Aim of the task - No pictures, no extra lines: copy exactly from the line with "A brown leather pouch" through the end of the entries.

Stored items from a collection
□ □ □ □ □
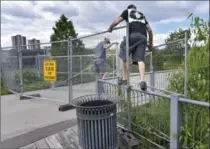  ?? JOHN RENNISON, THE HAMILTON SPECTATOR ?? Two men climb around and over the barricade at the Bayfront Park end of the Waterfront Trail on Saturday.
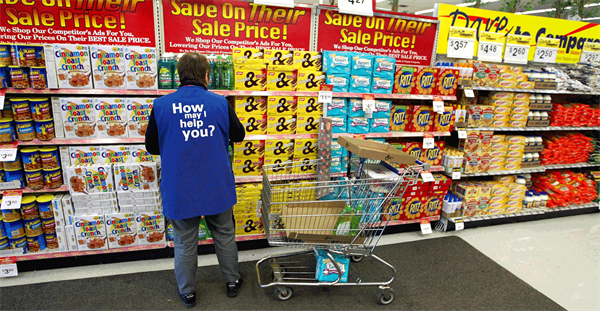 Walmart worker stocking shelves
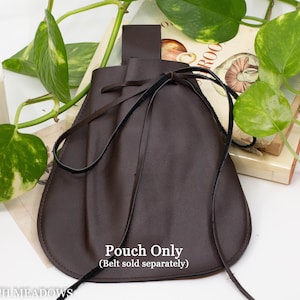 A brown leather pouch with a drawstring closure. The pouch is tied with a black ribbon and has a brown leather strap.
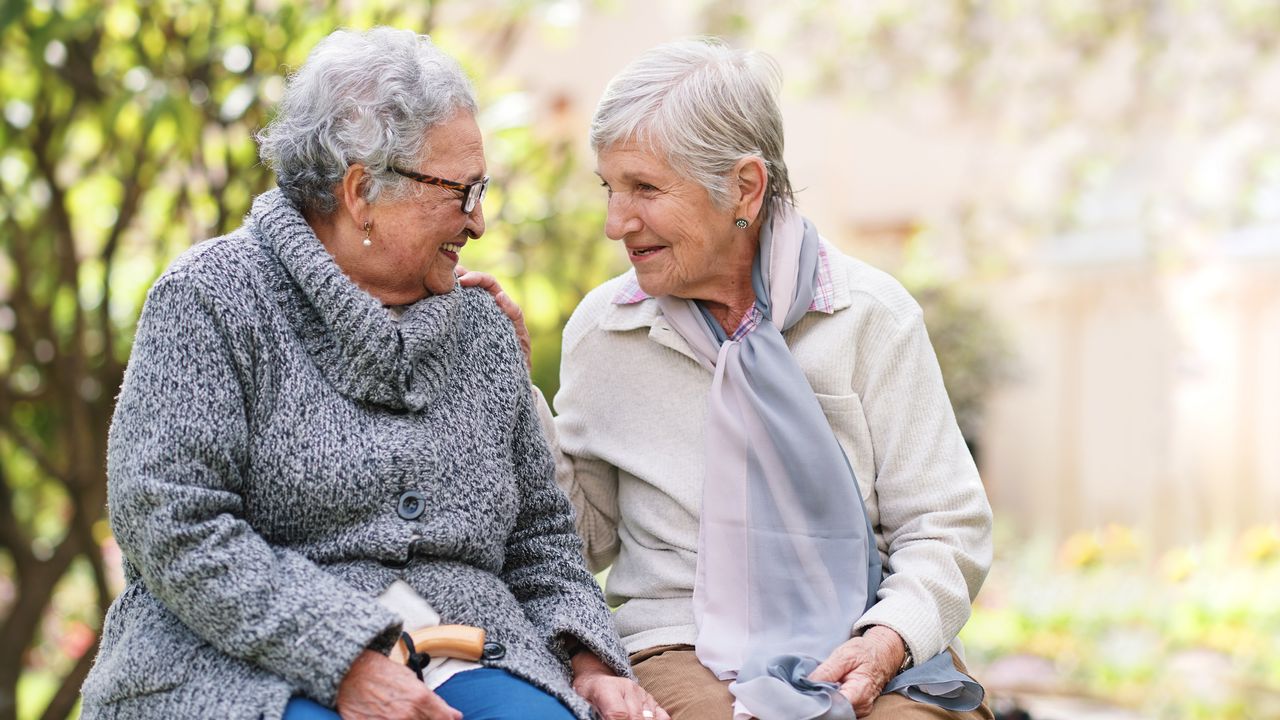 Two older women sit on a bench outside and talk and smile.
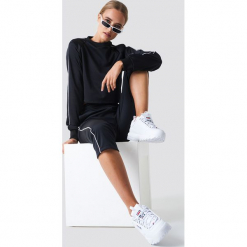 NA-KD Spodnie sportowe - Black. Czarne bryczesy damskie NA-KD, z poliesteru. Za 141,95 zł.
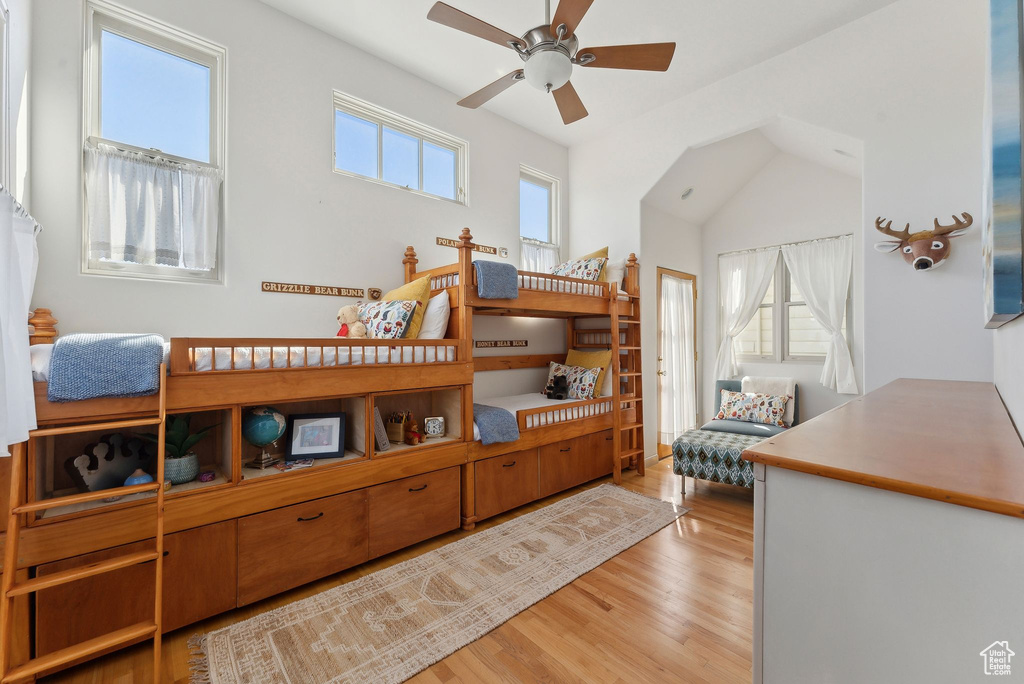 Bedroom featuring light wood-type flooring, ceiling fan, and vaulted ceiling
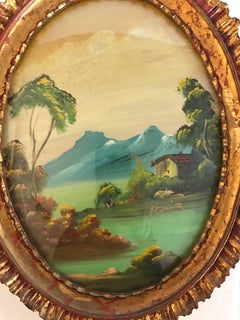 Paire de peintures à l'huile ovales italiennes signées dans des cadres en bois doré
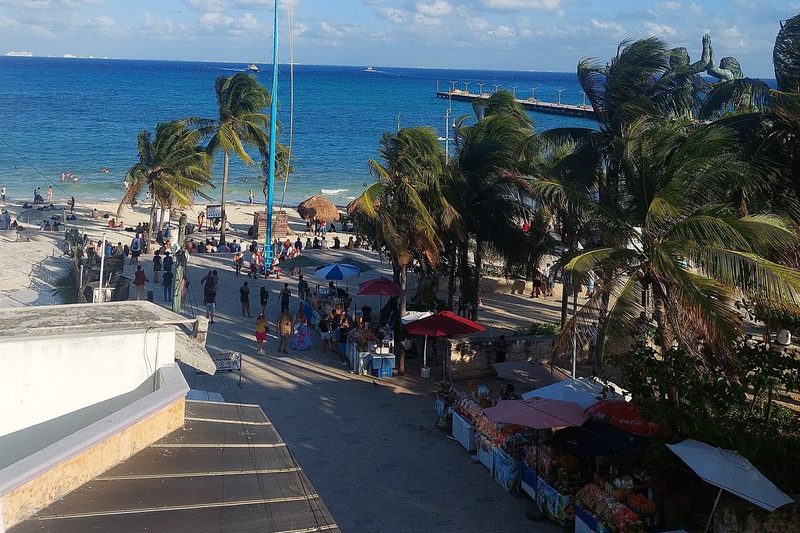 View from above of the beach at Parque Fundadores with palm trees, market stalls, a tall pole, people on the sand and a long pier into the turquoise sea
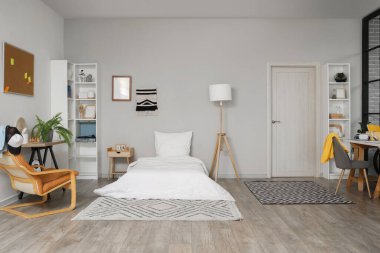 Öğrenci odasının içinde yatak, koltuk ve raf üniteleri var.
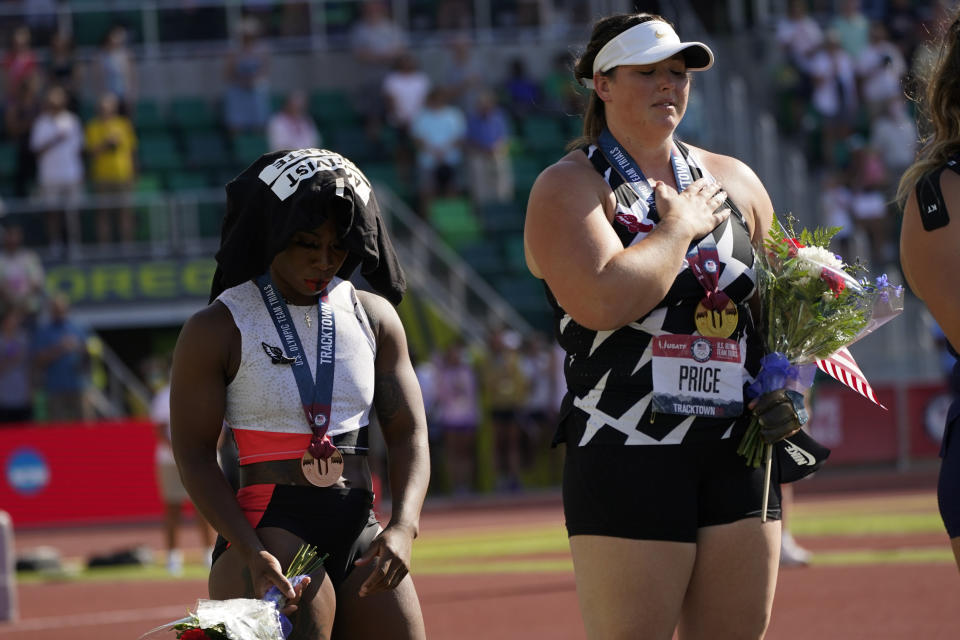 Gwendolyn Berry, left, drapes her Activist Athlete T-Shirt over her head as DeAnna Price stands for the national anthem after the finals of the women's hammer throw at the U.S. Olympic Track and Field Trials Saturday, June 26, 2021, in Eugene, Ore. Price won and Berry finished third. (AP Photo/Charlie Riedel)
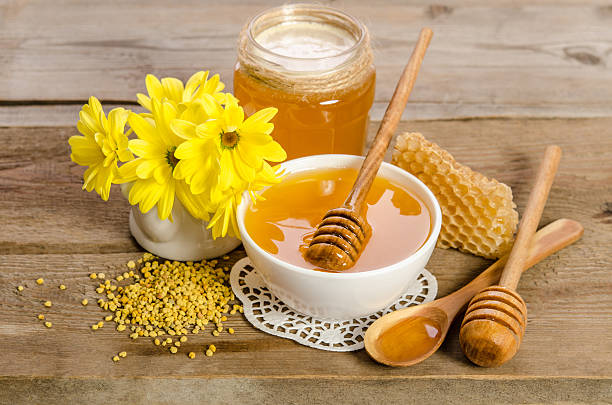 istock Yellow flowers and bee products (honey, pollen, honeycombs) 618034464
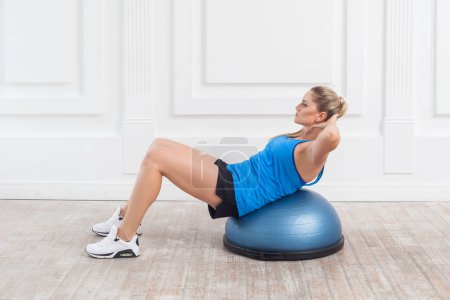 Photo for Portrait of sporty athletic blonde woman with perfect body in black shorts and blue top doing exercises for abdominal muscles on bosu balance trainer, having workout. Indoor studio shot. - Royalty Free Image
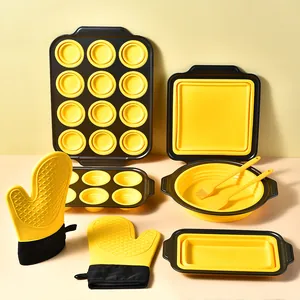 8-piece yellow silicone folding baking set with muffin pans and oven mitts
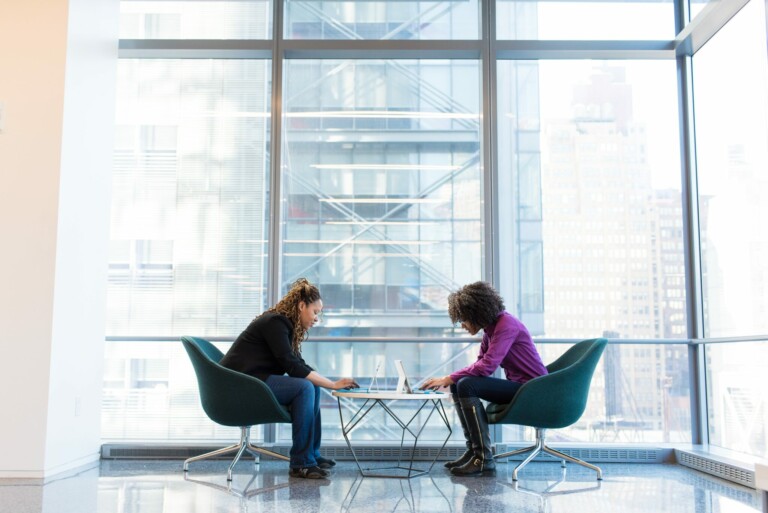 Two women discussing legal representation in Brazil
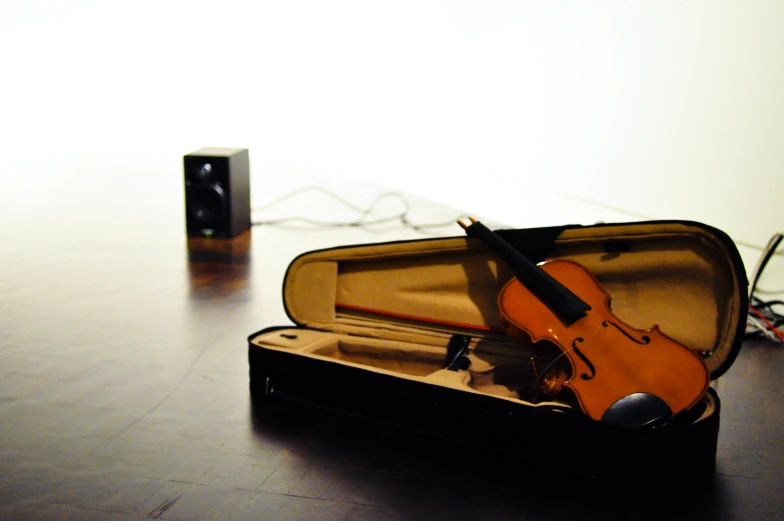 an open violin case sitting on top of a table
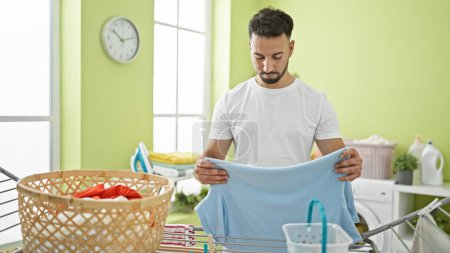 Foto de Hombre árabe joven colgando ropa en tendedero en la lavandería - Imagen libre de derechos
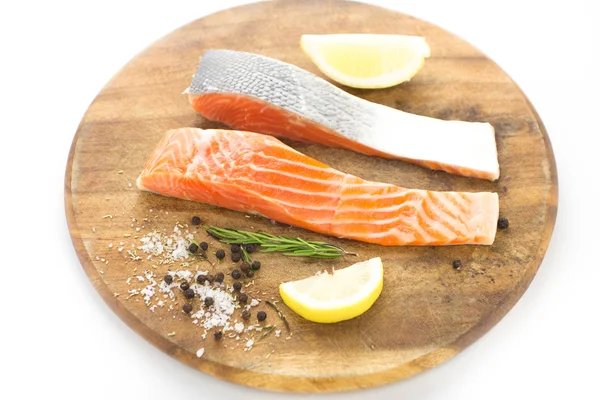 Fresh salmon with spices on wood over white background — Stock Photo, Image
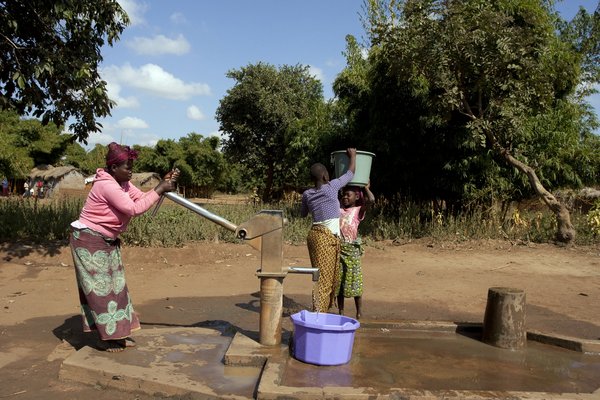 Des femmes et des enfants puisant de l’eau dans un forage à Mzingo, un village du Malawi. <br> Photo : ©FAO/Amos Gumulira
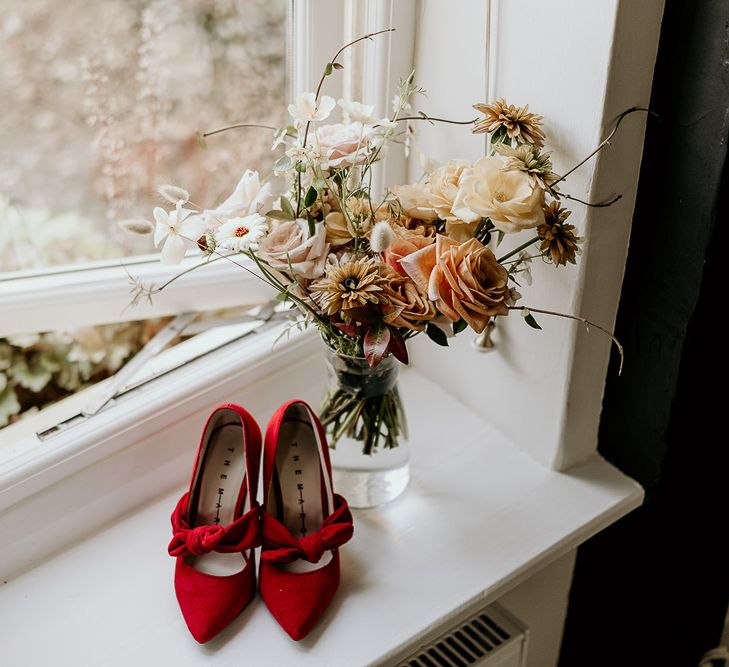 Red suede wedding shoes with bows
□ □ □ □ □
Response box -
 A brown leather pouch with a drawstring closure. The pouch is tied with a black ribbon and has a brown leather strap.
 Two older women sit on a bench outside and talk and smile.
 NA-KD Spodnie sportowe - Black. Czarne bryczesy damskie NA-KD, z poliesteru. Za 141,95 zł.
 Bedroom featuring light wood-type flooring, ceiling fan, and vaulted ceiling
 Paire de peintures à l'huile ovales italiennes signées dans des cadres en bois doré
 View from above of the beach at Parque Fundadores with palm trees, market stalls, a tall pole, people on the sand and a long pier into the turquoise sea
 Öğrenci odasının içinde yatak, koltuk ve raf üniteleri var.
 Gwendolyn Berry, left, drapes her Activist Athlete T-Shirt over her head as DeAnna Price stands for the national anthem after the finals of the women's hammer throw at the U.S. Olympic Track and Field Trials Saturday, June 26, 2021, in Eugene, Ore. Price won and Berry finished third. (AP Photo/Charlie Riedel)
 istock Yellow flowers and bee products (honey, pollen, honeycombs) 618034464
 Photo for Portrait of sporty athletic blonde woman with perfect body in black shorts and blue top doing exercises for abdominal muscles on bosu balance trainer, having workout. Indoor studio shot. - Royalty Free Image
 8-piece yellow silicone folding baking set with muffin pans and oven mitts
 Two women discussing legal representation in Brazil
 an open violin case sitting on top of a table
 Foto de Hombre árabe joven colgando ropa en tendedero en la lavandería - Imagen libre de derechos
 Fresh salmon with spices on wood over white background — Stock Photo, Image
 Des femmes et des enfants puisant de l’eau dans un forage à Mzingo, un village du Malawi. <br> Photo : ©FAO/Amos Gumulira
 Red suede wedding shoes with bows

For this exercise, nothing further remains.